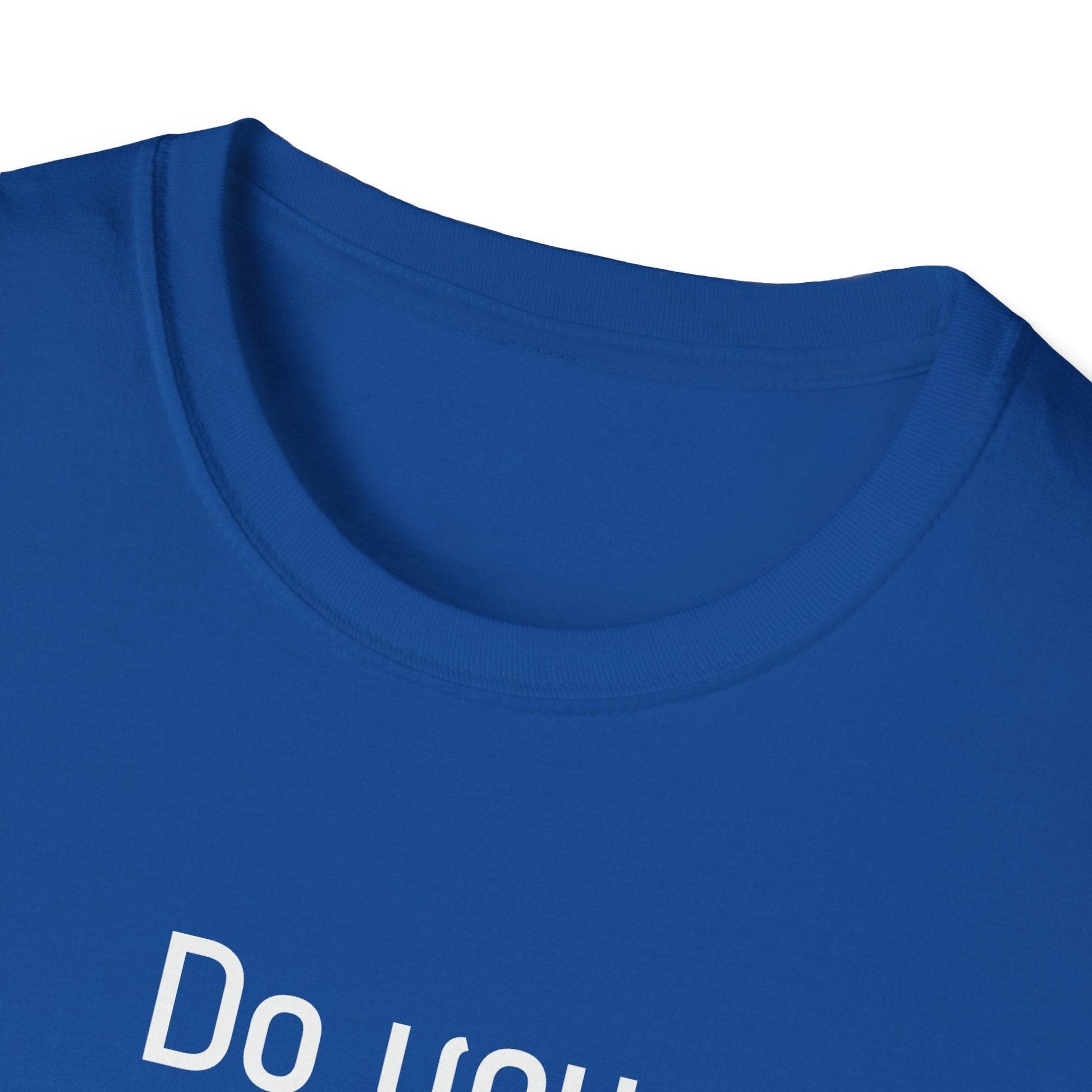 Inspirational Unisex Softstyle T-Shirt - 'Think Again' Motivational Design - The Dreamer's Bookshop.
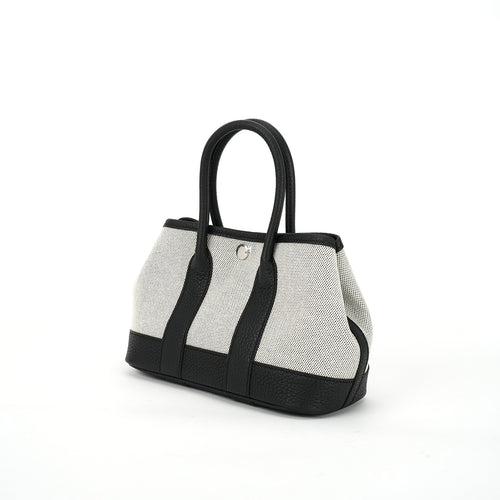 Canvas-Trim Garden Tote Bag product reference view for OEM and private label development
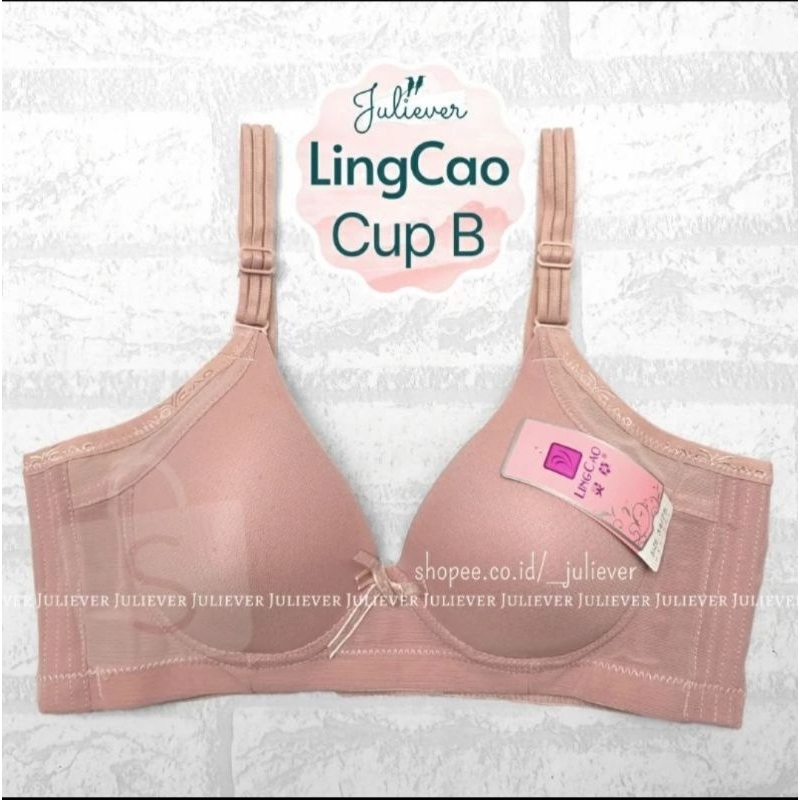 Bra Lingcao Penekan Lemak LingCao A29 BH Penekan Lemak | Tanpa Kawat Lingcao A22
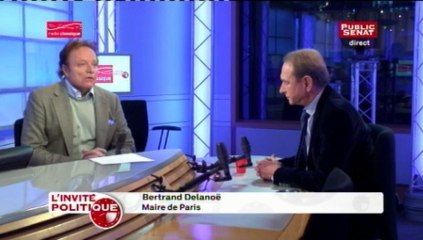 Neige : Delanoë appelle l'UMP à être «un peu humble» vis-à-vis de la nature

> _Assigned task_
When you copy the listing, keep every line exactly as it is but leave out all images.

> _Written answer_
 Inspirational Unisex Softstyle T-Shirt - 'Think Again' Motivational Design - The Dreamer's Bookshop.
 Canvas-Trim Garden Tote Bag product reference view for OEM and private label development
 Bra Lingcao Penekan Lemak LingCao A29 BH Penekan Lemak | Tanpa Kawat Lingcao A22
 Neige : Delanoë appelle l'UMP à être «un peu humble» vis-à-vis de la nature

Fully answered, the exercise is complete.